The Applicant also gave evidence that she gave support to her parents. Her 71-year-old father had medicine-controlled type 2 diabetes and was awaiting surgery for gastroesophageal reflux disease (GORD), and her 83-year-old mother had 3 surgeries for serious skin cancers. She gave no evidence that this support increased after the census date. It can therefore not be considered as an unanticipated factor affecting her on or after the census date.
That there was a workload attached to spending time with her family was not unanticipated by the Applicant when she moved from Queensland to Adelaide. She might argue that it was beyond her control and she had to respond to her family’s needs, but it was not beyond her control that she should attempt to meet those needs at the same time as undertaking a full-time study load.
The Respondent contended that the health circumstances of the Applicant’s parents and sister were not unusual, uncommon or abnormal for their stage of life. The Tribunal accepted that those contentions are valid.
The Applicant provided medical evidence in relation to three periods of illness before the start date of the first semester:
(a)On 4 February 2019, she was certified unfit for work.

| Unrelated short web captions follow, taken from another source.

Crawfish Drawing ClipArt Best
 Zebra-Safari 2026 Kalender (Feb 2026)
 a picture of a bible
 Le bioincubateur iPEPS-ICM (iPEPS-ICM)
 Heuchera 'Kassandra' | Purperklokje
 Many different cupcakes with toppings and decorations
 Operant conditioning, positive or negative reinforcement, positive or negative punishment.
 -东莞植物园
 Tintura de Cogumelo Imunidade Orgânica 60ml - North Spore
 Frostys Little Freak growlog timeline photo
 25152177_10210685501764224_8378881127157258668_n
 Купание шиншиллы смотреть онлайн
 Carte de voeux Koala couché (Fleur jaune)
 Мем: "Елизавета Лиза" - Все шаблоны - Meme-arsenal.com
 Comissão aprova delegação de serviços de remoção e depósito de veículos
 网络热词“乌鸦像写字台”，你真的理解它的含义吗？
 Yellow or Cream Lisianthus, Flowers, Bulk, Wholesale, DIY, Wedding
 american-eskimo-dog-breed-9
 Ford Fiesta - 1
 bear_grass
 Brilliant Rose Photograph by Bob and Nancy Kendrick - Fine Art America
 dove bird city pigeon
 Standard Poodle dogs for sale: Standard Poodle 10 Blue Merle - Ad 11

Dr Tam Thanh Thi Tran of Our Medical Home Loganholme noted that the Applicant was “[u]nwell for the last 3 days with influenza illness”;
(b)On 8 February 2019, she was certified unfit for work from 8 to 12 February 2019. The certificate said she had also provided information that she had not been fit for work from 5 February 2019. Dr Peer’s clinical notes said that on 8 February 2019 the Applicant “feels well” and “needs negative swab before she is allowed to work at the aged care”;
(c)The Applicant was swabbed on 11 February 2019, and Influenza A RNA was diagnosed and reported to the Chief Health Officer on 12 February 2019;
(d)On 13 February 2019, the Applicant was certified as unfit for work on that day and Dr David Copeland, of Our Medical Home Loganholme, made a clinical note that the Applicant “now feels well”.
On 7 March 2019, which was the eleventh day of the semester, the Applicant was examined by Dr Leow who diagnosed her with an ear infection. This was fifteen days before the census date. The Applicant had also reported having discomfort and an irregular heartbeat and had an ECG which showed a normal sinus rhythm.
On 10 April 2019, the Applicant attended the Medical HQ GP Family Practice at Ardrossan where Dr Mariusz Kocimski who provided a medical certificate verifying she was unfit for work from 9 April 2019 to 12 April 2019 and would be fit to return to work on Monday 15 April 2019.
The Applicant’s medical condition before the census date is relevant as a base for considering whether it significantly worsened on or after the census date of 22 March 2019.
APPLICANT’S MEDICAL CIRCUMSTANCES ON OR AFTER THE CENSUS DATE
On 25 May 2019, the Applicant attended GPaxis Munno Para and was reviewed by Dr Leow. His notes state that the Applicant had a “swollen ear” and was on “antibiotics”. Dr Leow provided her with a referral to Jones and Partners but the requested tests were not done until 25 June 2019 which was the day after the semester ended.
This is the last piece of evidence of a medical event prior to the end date for semester one. Medical evidence received after that date is only relevant to the extent that it can be related to changes in the Applicant’s medical condition on or after the census date and before the end date of the semester.
LATER MEDICAL EVIDENCE
On 25 June 2019, the Applicant attended Jones and Partners and had the scan as requested by Dr Leow, see paragraph 28. The scan was a helical non-contact study with fine sections through the posterior fossa/middle ear clefts. The following report was provided:
“On assessment of the brain parenchyma there is no space occupying lesion. There is no extra-axial collection. The ventricles are of normal size and grey/white matter differentiation is normal. Basal ganglia are intact.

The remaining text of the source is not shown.